Preferred k = 10; But a k = 20 would be awesome, but I definitely could settle for max k = 6;

Desired Outcome

///items : Are the List of Strings  
///combSize : The desired/known size of the combination  
///rank : The combinations index in the lexicographical ordering  
`List<String> unRankCombinations(List<String> items, int combSize, int rank)`

///items : Are the List of Strings  
///combination : The desired combination to find the index for  
`int rankOfCombination(List<String> items, List<String> combination)`

///items : An example of a possible list of Strings to encode/decode  
`List<String> someItems = ['today', 'tomorrow', 'some-days', 'never_days', 'always', 'somewhere', 'some place', 'nowhere'];`

Examples:

`unRankCombinations(someItems, 3, z)` returns `['today', 'tomorrow', 'some-days']`  
then  
`rankOfCombination(someItems, ['today', 'tomorrow', 'some-days'])` returns `z`  

`unRankCombinations(someItems, 7, x)` returns `['today', 'today', 'today', 'never_days', 'always', 'somewhere', 'some place']`  
then  
`rankOfCombination(someItems, ['today', 'today', 'today', 'never_days', 'always', 'somewhere', 'some place'])` returns `x`

Where z and x are the index of the combination in the lex
Of course the lists need to be lexicographically sorted for it to work, this is just an example

Comments

I have desperately been trying to solve this problem for three weeks and can't get anywhere with it.
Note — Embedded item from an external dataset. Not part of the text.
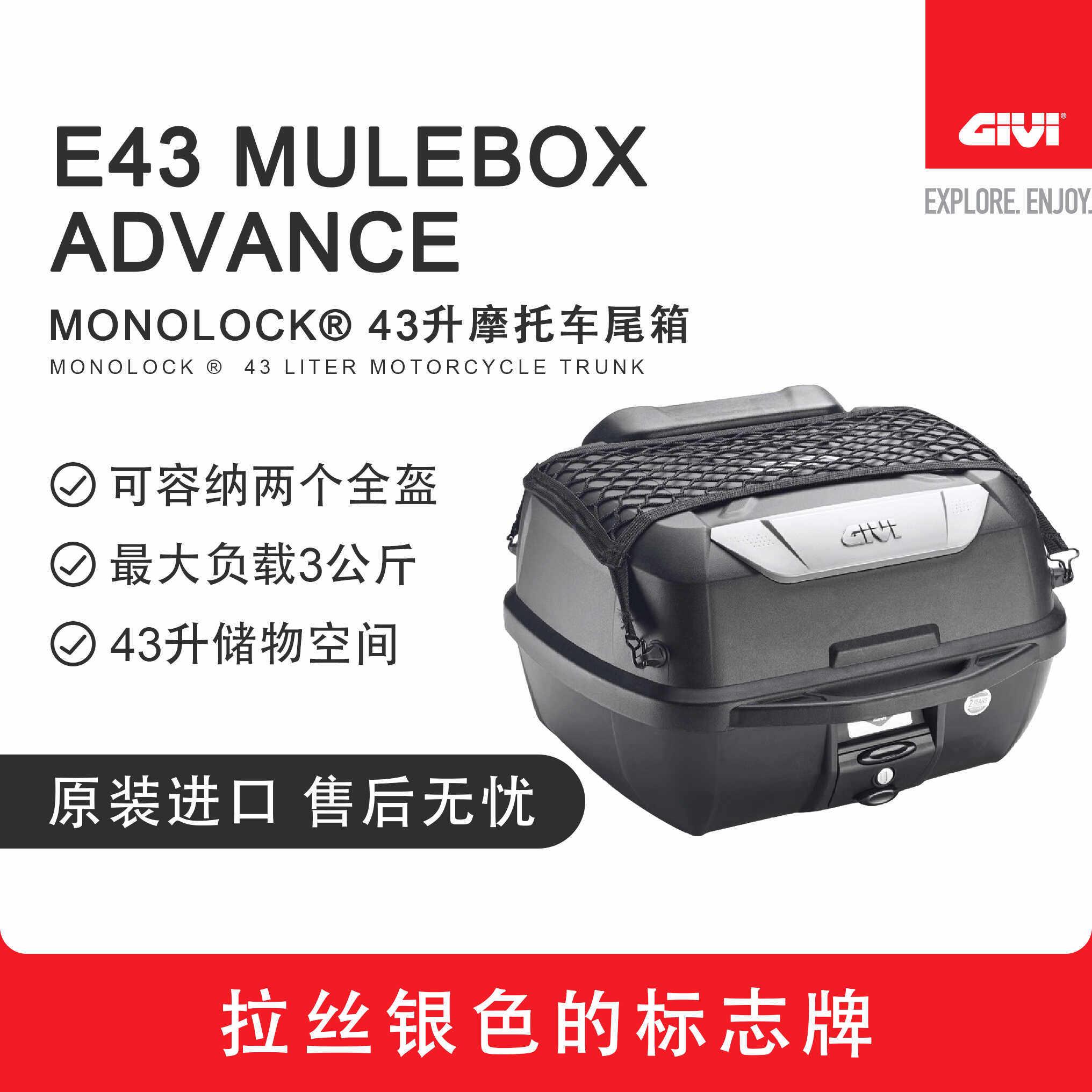 GIVI摩托车尾箱后备箱43升大容量防水快拆塑料尾箱进口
I am just not getting the idea in my head and I can't seem to put the pieces together to create the functions.

Based on my readings from the below references:

Combinations are easy to rank due to there being a bijection. Due to the lexicographical ordering, the combinations can represent a Macaulay representation of n. And that every N can be written in exactly one way as a sum of k binomial coefficients of the given form.

Partial solution

Python Library : More Itertools

Has an unrank function nth_combination(iterable, r, index) which seems works but is not useful without the second function to find the inverse. Must also be converted to support List in Dart.

This is a Python function takes three arguments: an iterable object (such as a list or tuple), an integer r representing the length of the subsequences to be selected from the iterable, and an integer index representing the lexicographic index of the desired subsequence.

The function returns a tuple containing the subsequence of length r at the index position in the set of all possible subsequences of length r of the input iterable.

The function first converts the iterable to a tuple and determines its length n. If r is less than zero or greater than n, a ValueError is raised.

Next, the function calculates the total number of possible combinations of r elements from the iterable using the formula for combinations: n choose r. This is done using a loop that calculates the product of a sequence of decreasing fractions, and is equivalent to the binomial coefficient formula:

c = (n choose k) = n! / (k! * (n - k)!)

The function then adjusts the given index to handle negative indices and to ensure that it is within the valid range of indices. If the index is invalid, an IndexError is raised.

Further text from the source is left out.